Tuesday, September 2, 2003
Petrino outshines Brooks in coaching debuts
By Chris Duncan
The Associated Press
LEXINGTON, Ky. - Louisville coach Bobby Petrino couldn't have asked for a better debut. Kentucky coach Rich Brooks faces a tough week to ponder his.
From the start to the finish of the Cardinals' 40-24 win over the Wildcats on Sunday night, Petrino - in his first game as a head coach - outshined Brooks, who came in with 18 seasons of college coaching experience under his belt.
"It was a lot of fun," Petrino said. "I had a good time doing it."
Following an 83-minute weather delay, the Cardinals (1-0) took the opening kickoff and glided down the field in 11 plays. Louisville quarterback Stefan LeFors went 3-for-4 on the drive and running back Eric Shelton capped it with a crowd-silencing six-yard touchdown run.
"They were really focused," Petrino said. "Our players were into the game."
Kentucky's first possession wasn't nearly as smooth. Brooks' much-ballyhooed experiment with quarterbacks Jared Lorenzen and Shane Boyd fizzled immediately, with Boyd lofting an interception to Louisville's Gavin Smart. The Cardinals quickly turned the miscue into a 14-0 lead.
At times in the game, Lorenzen lined up as a wide receiver; on other plays, Boyd joined Lorenzen in the backfield as a running back. But neither quarterback caught a pass and the duo combined to rush for only six yards.
Brooks said he will continue to use Boyd and Lorenzen together.
"We didn't have as much success on some things as we would've liked, but all of those things are still going to be a part of it in the future," Brooks said.
Louisville's defense was a factor in Kentucky's offensive woes. The Cardinals' defensive line shredded the Wildcat's offensive front, harassing Lorenzen most of the game and limiting Kentucky to 108 rushing yards.
"Our defense did a great job. They look quick to me," Petrino said.
Kentucky's special-teams mistakes also aided the Cardinals.
Early in the second quarter, Louisville's J.R. Russell flew past Kentucky's punt coverage and swatted Sevin Sucorovic's punt attempt 40 yards backwards. Louisville linebacker Jonathan Jackerson pounced on the loose ball in the end zone and the Cardinals led 21-3.
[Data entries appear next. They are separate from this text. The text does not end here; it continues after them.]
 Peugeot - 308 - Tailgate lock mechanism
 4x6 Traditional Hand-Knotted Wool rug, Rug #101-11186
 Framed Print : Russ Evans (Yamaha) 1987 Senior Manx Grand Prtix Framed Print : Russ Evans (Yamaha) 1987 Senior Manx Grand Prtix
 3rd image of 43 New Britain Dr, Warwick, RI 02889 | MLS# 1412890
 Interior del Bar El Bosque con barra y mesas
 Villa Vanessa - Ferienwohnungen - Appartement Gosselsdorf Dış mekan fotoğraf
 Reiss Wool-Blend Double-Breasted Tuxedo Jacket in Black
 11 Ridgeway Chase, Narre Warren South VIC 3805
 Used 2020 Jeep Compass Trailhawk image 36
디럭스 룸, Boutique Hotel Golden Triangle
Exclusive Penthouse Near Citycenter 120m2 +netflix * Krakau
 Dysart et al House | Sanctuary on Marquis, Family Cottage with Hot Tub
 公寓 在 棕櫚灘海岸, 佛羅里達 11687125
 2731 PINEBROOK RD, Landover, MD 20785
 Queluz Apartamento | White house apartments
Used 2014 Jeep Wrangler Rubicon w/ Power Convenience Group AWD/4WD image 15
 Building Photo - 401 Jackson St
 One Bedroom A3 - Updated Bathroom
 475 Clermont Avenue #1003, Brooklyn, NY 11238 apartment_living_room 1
Early in the third quarter, Sucorovic bobbled a long snap and the ball bounced out of the end zone for a Louisville safety.
Petrino, a meticulous game planner, took advantage of rumors he heard about Kentucky's shaky punting game.
"It was publicized that they had snap problems," Petrino said, "so we were coming after them on every punt."
Lorenzen still managed to lead a dramatic Kentucky comeback, eluding tacklers and making some miraculous throws in the second half. The Cardinals recaptured their poise just in time, chewing up 5:47 with a 14-play touchdown drive bridging the third and fourth quarters.
"Kentucky played hard. We were more ready to play," said LeFors, who was making his first college start.
Lorenzen drove the Wildcats into Louisville territory again, but Josh Minkins ended the threat with a game-sealing interception with 8:17 left in the game.
Minkins credited defensive coordinator Mike Gillhamer with getting the Cardinals ready for anything.
"Everything they did, we practiced against," said Minkins.
The Cardinals drove for one more touchdown as Louisville athletics director Tom Jurich congratulated Petrino on the sideline, broad smiles on both men's faces.
Brooks, meanwhile, was left with many questions to answer before Saturday's game against Murray State (1-0).
"It's a tough way to come out of the barrel, but it's not the end of the world," Brooks said. "We've got 11 games left."